12. The method as claimed in claim 11, wherein the messages for CASE connection establishment message comprises a first connection establishment message (SigmaR1), a second connection establishment message (SigmaR2), and a third connection establishment message (SigmaR3);

the forwarding messages for CASE connection establishment between the service device and the cloud device, comprises:

receiving a first connection establishment request sent by the service device, the first connection establishment request comprising the SigmaR1 and a device token of the service device;

sending the SigmaR1 to the cloud device based on the device token;

receiving the SigmaR2, the SigmaR2 being returned by the cloud device based on the SigmaR1;

sending the SigmaR2 to the service device;

receiving a second connection establishment request, the second connection establishment request being sent by the service device based on the SigmaR2 and comprising the SigmaR3 and the device token of the service device; and

sending the SigmaR3 to the cloud device based on the device token.

13. The method as claimed in claim 11, before the forwarding messages for CASE connection establishment between the service device and the cloud device, further comprising:

sending a start pairing request to the cloud device, the start pairing request comprising a node ID of the service device;

receiving a start pairing response returned by the cloud device, the start pairing response being configured to indicate that the cloud device is in a pending pairing state; and

sending a state indication message to the service device, the state indication message being configured to indicate that the cloud device is in the pending pairing state.

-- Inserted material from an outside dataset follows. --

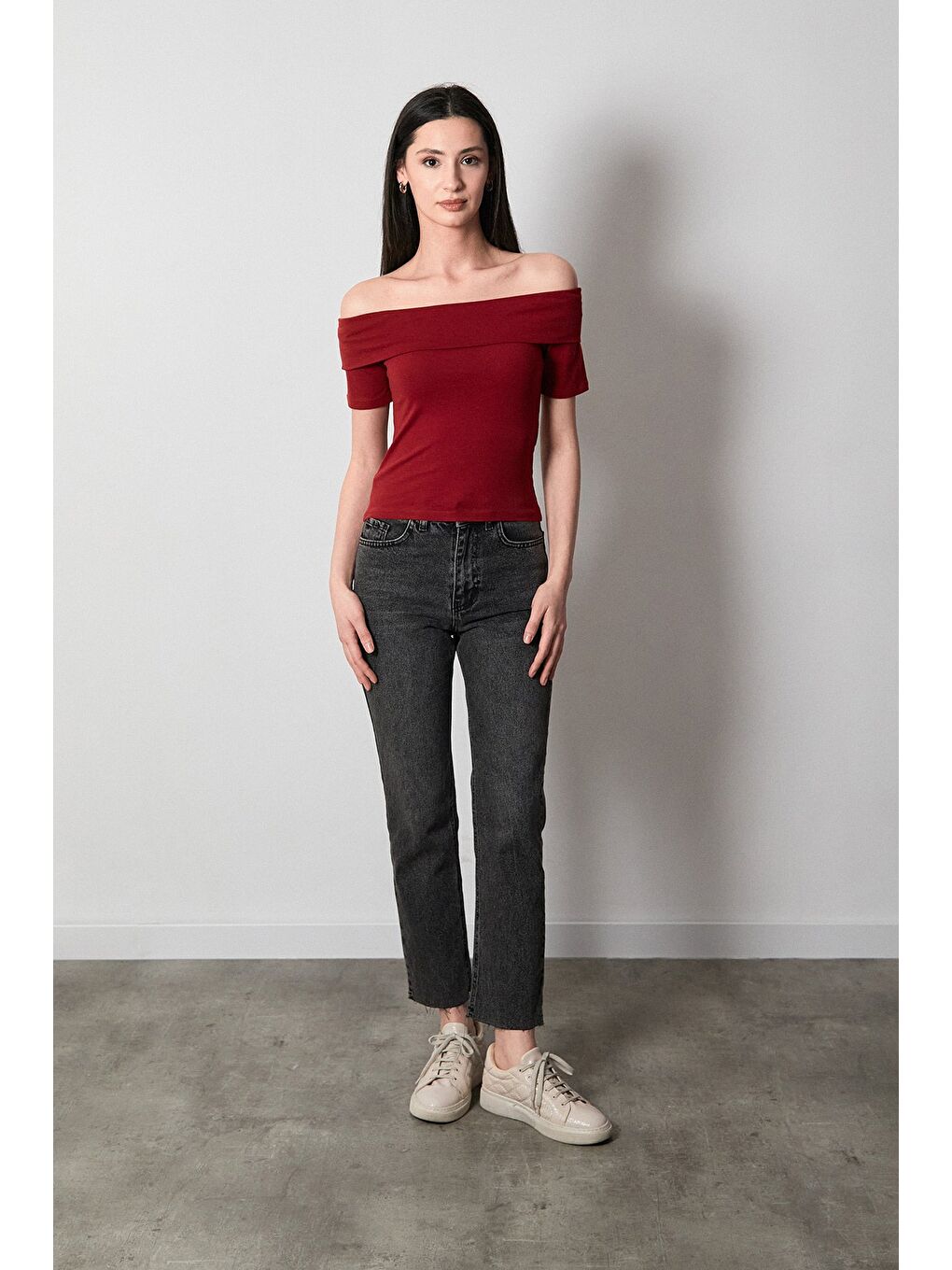 Bordo Basic Madonna Yaka Bluz-1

14. The method as claimed in claim 1, wherein the acquiring token information of a service device from a cloud device, comprises:

acquiring the token information of the service device from the cloud device, after a password authenticated session establishment (PASE) connection is established between the service device and the configuration device, an authentication process for the service device is performed successfully, and an operation process for operational certificate signing request (OpCSR) is performed successfully, and before network configuration for the service device is completed.

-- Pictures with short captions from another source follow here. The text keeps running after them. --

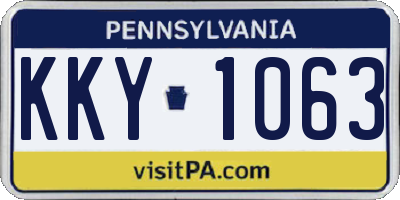 PA license plate KKY1063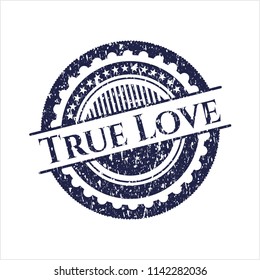 Blue True Love rubber grunge texture seal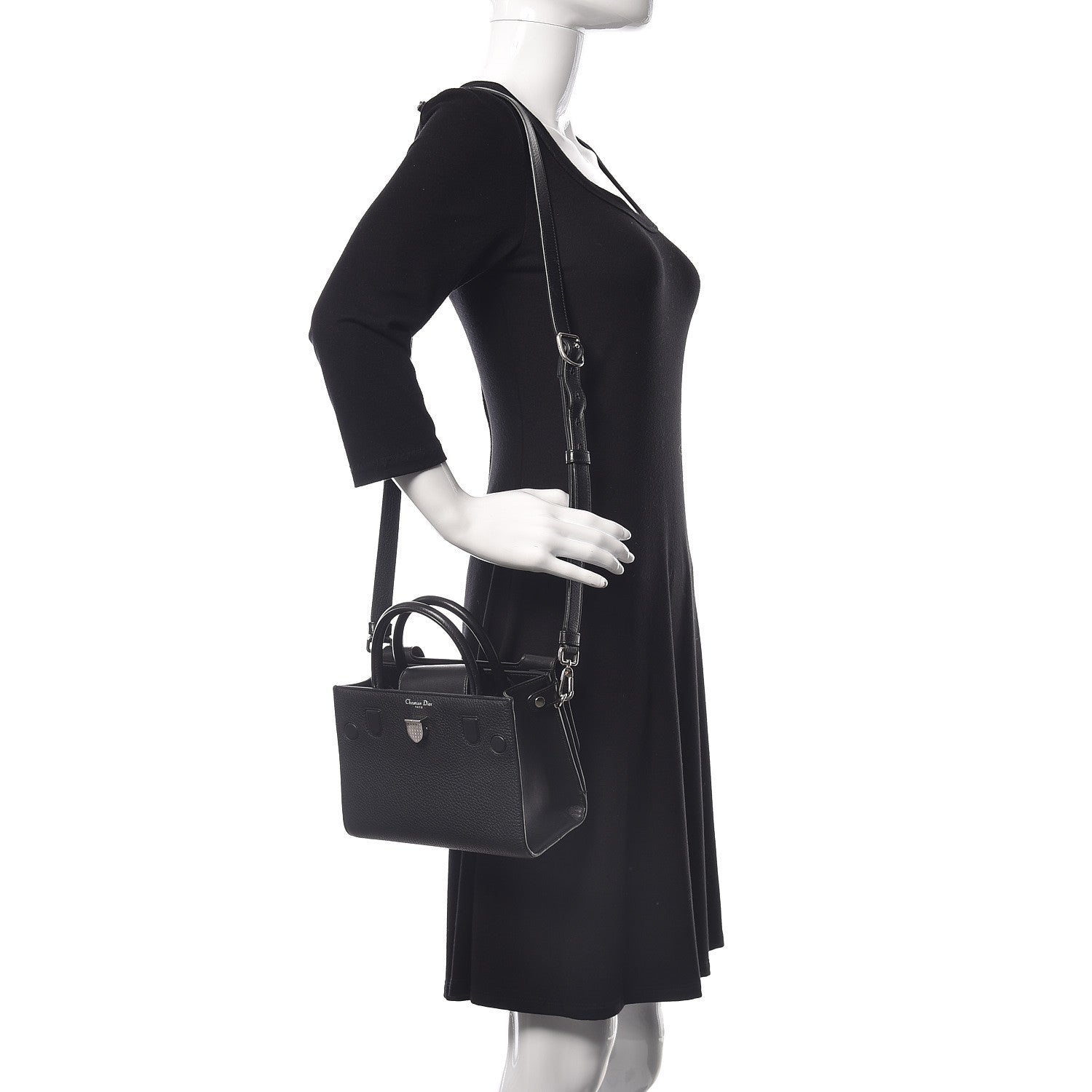 Christian Dior Grained Calfskin Mini Diorever Flap Black 2 of 13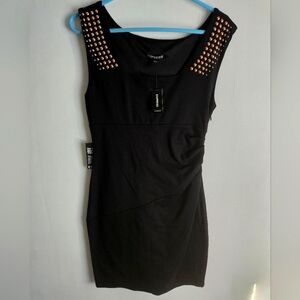 Express Black Dress with Gold Studs Size 8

15. The method as claimed in claim 11, wherein the forwarding messages for CASE connection establishment message between the service device and the cloud device, comprises:

forwarding the messages for CASE connection establishment between the service device and the cloud device, after a password authenticated session establishment (PASE) connection is established between the service device and the configuration device, an authentication process for the service device is performed successfully, and an operation process for operational certificate signing request (OpCSR) is performed successfully, and before network configuration for the service device is completed.

16. A method for connection establishment, performed by a service device, comprising:

receiving token information of the service device sent by a configuration device, the token information being acquired by the configuration device from a cloud device; and

establishing a CASE connection with the cloud device based on the token information.

17. The method as claimed in claim 16, wherein the token information comprises a device token of the service device.

18. The method as claimed in claim 17, wherein the token information comprises at least one of:

a refresh token, configured to refresh the device token, and

an address of the cloud device.

19. The method as claimed in claim 16, wherein the service device comprises a model information cluster, and the model information cluster is configured to store information related to a cloud operation.

20. An Internet of Things (IoT) device, realized as a configuration device, comprising a processor, a memory, and a transceiver;

wherein the transceiver is configured to acquire token information of a service device from a cloud device, after a connection is established with the service device; and

wherein the transceiver is further configured to send the token information to the service device, the token information being configured for establishing a CASE connection between the service device and the cloud device.